• [Task to complete] Copy nothing but the lines below, from the one with "Cat Senses Danger; Book it Kitty!!!" through the one with "Boy with a Bunch", exactly as written; no pictures should appear.

##########

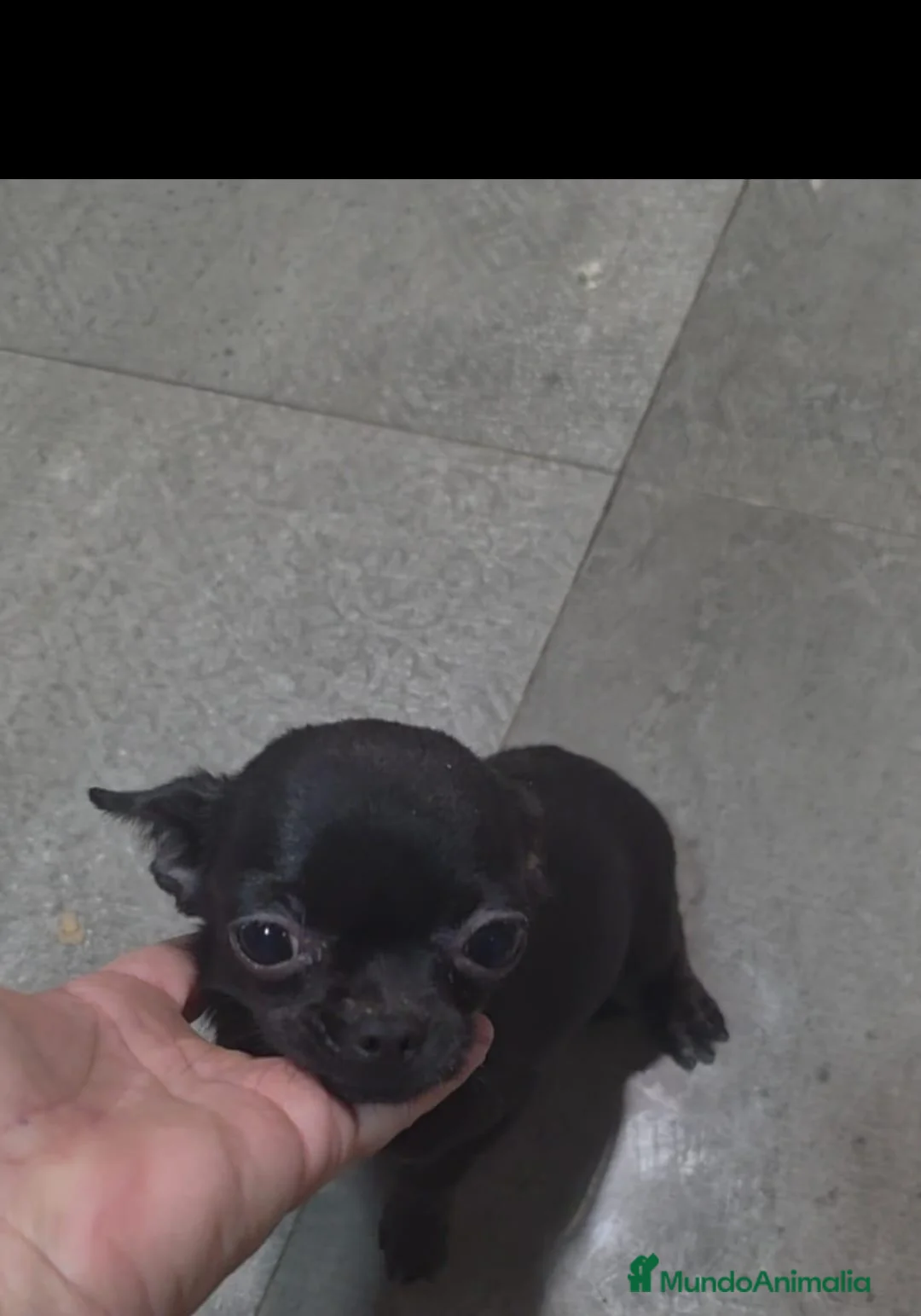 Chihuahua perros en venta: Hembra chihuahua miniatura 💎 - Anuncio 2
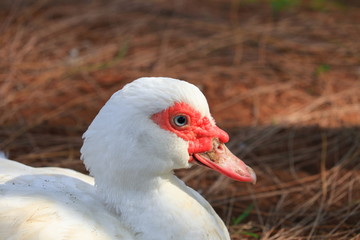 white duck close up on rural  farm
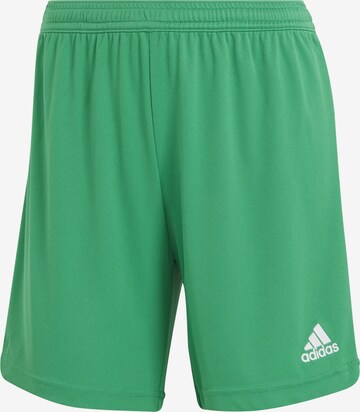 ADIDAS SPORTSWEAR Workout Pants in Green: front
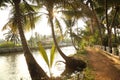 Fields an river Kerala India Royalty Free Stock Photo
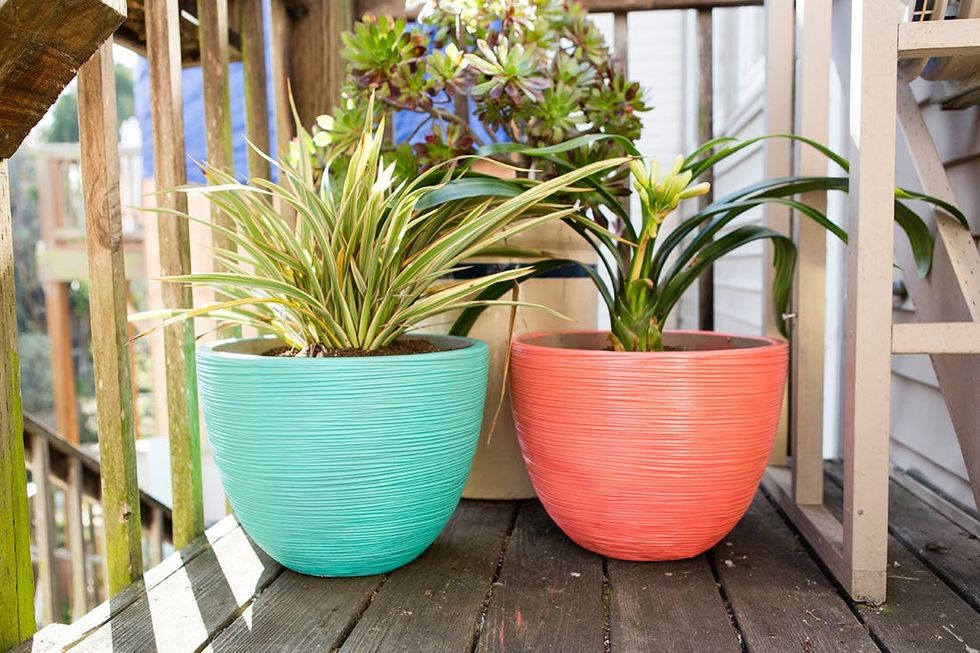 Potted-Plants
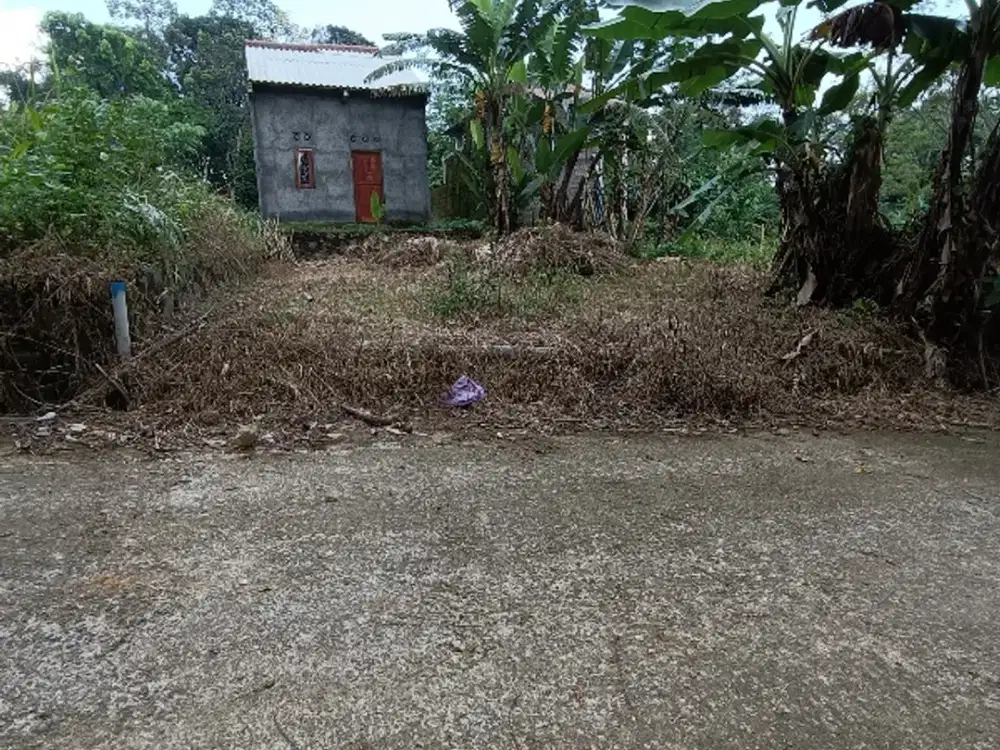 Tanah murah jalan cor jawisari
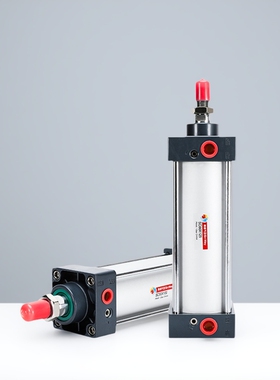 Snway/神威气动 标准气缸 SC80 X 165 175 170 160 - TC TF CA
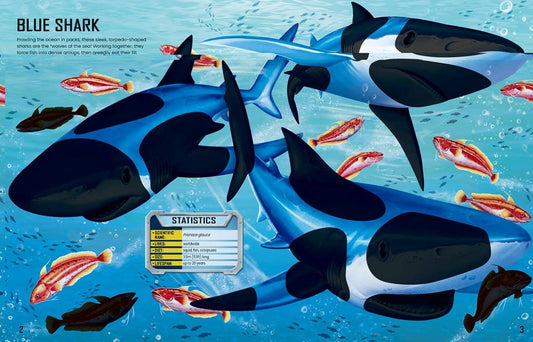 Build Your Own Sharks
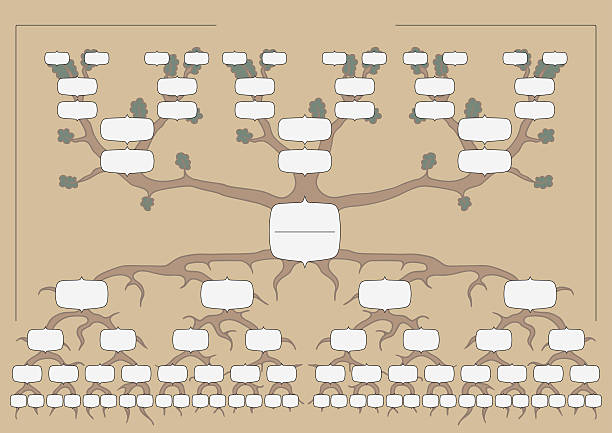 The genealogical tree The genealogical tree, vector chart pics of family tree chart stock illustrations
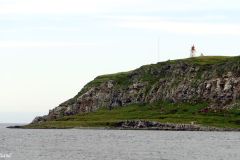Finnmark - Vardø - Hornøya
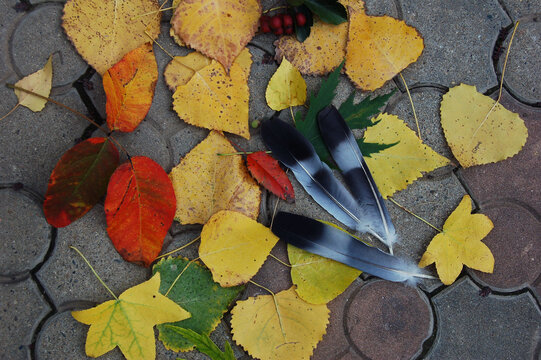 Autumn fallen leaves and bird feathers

##########

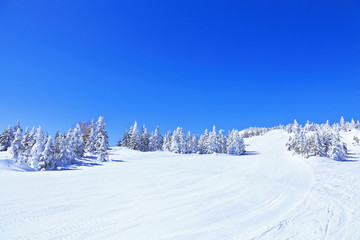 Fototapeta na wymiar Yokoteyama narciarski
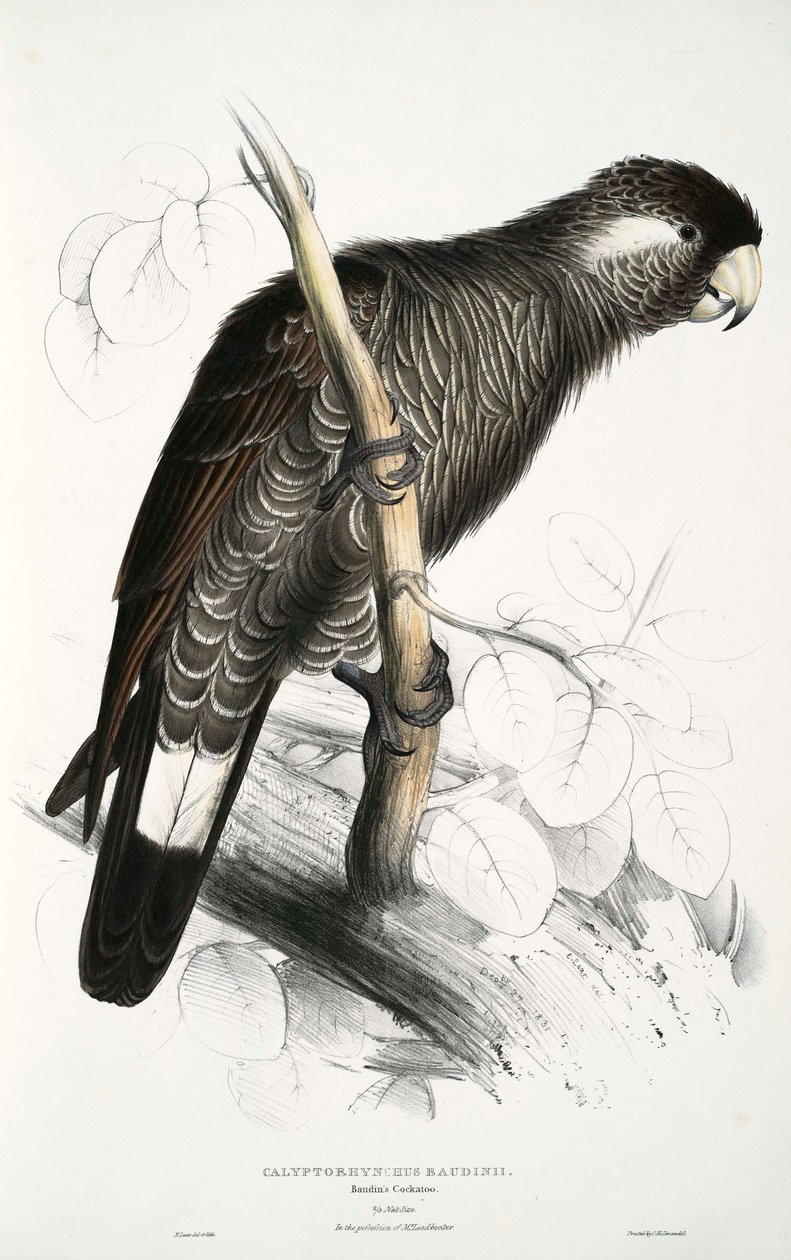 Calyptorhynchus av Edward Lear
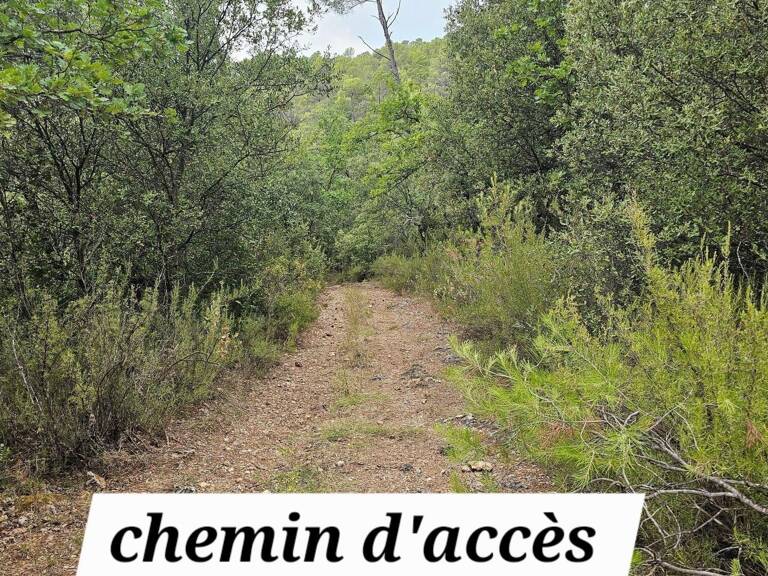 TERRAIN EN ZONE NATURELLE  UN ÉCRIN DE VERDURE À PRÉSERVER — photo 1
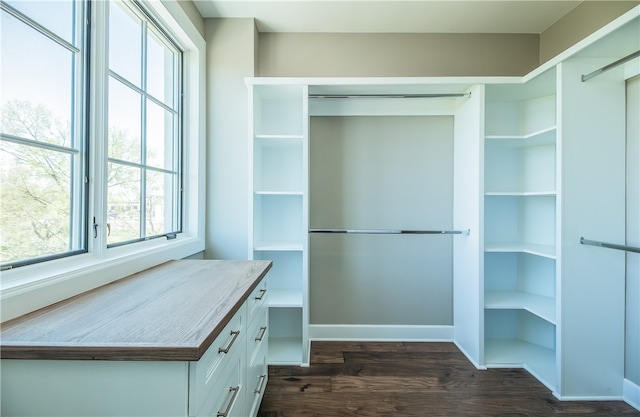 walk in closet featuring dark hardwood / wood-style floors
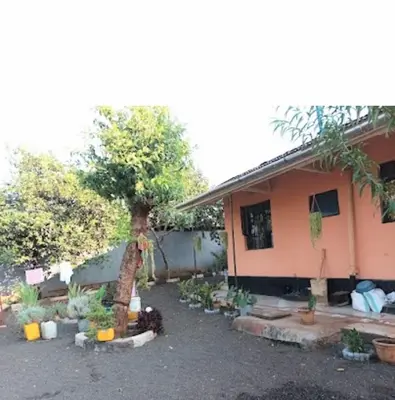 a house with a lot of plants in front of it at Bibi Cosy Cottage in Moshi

##########

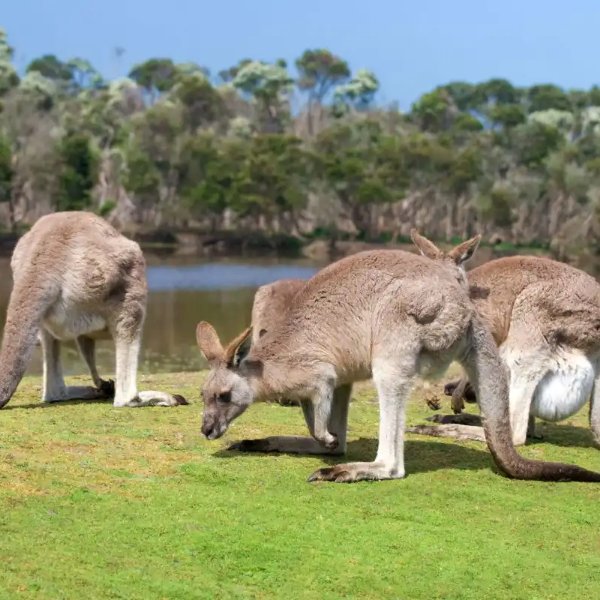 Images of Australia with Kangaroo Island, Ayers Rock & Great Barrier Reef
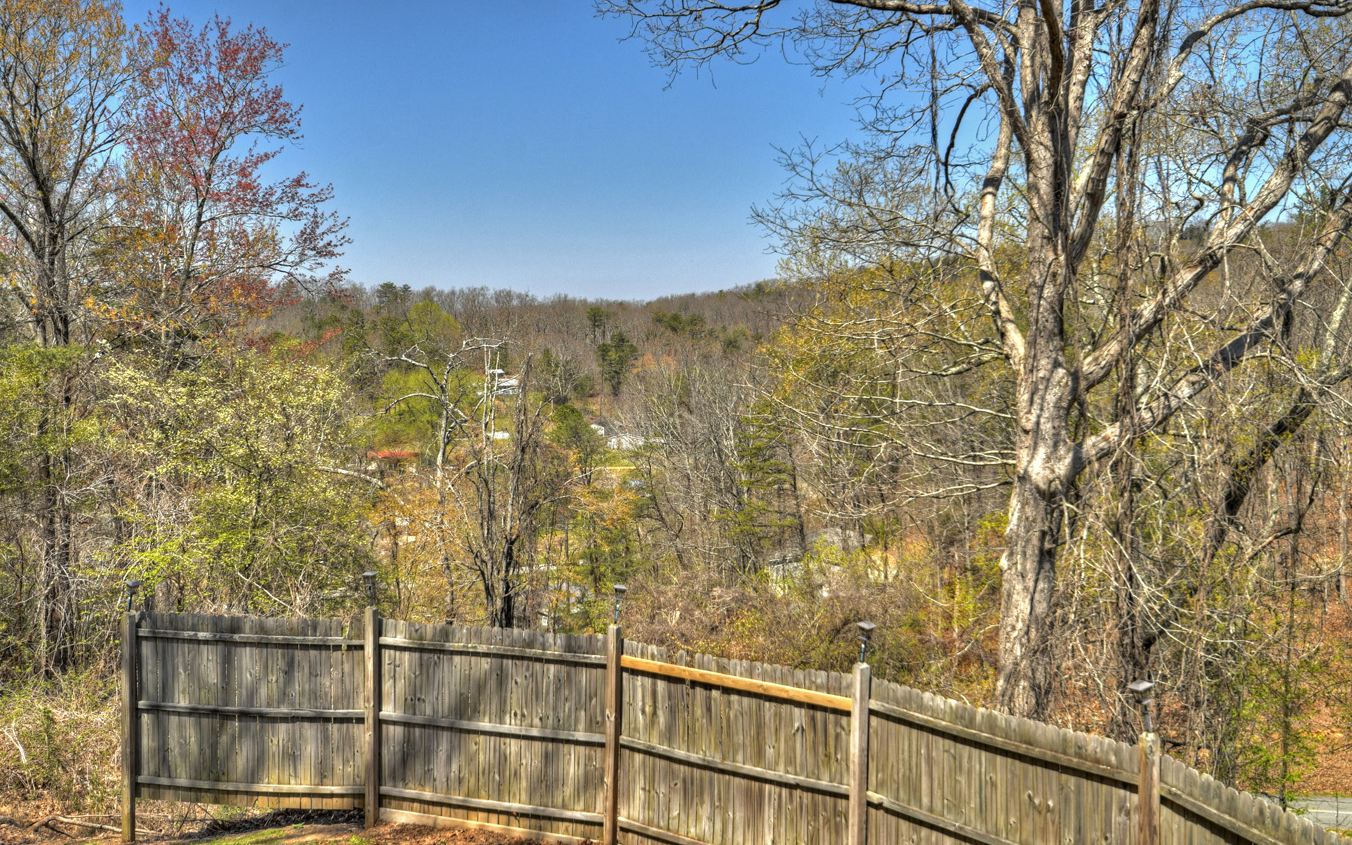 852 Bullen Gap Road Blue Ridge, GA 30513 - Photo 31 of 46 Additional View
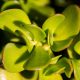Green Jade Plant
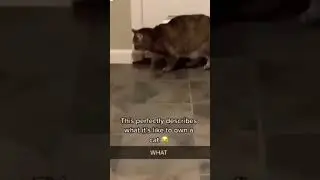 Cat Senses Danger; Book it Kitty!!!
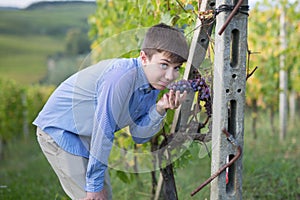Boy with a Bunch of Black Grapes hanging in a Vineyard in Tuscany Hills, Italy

##########

• [Answer space]
 Cat Senses Danger; Book it Kitty!!!
Boy with a Bunch of Black Grapes hanging in a Vineyard in Tuscany Hills, Italy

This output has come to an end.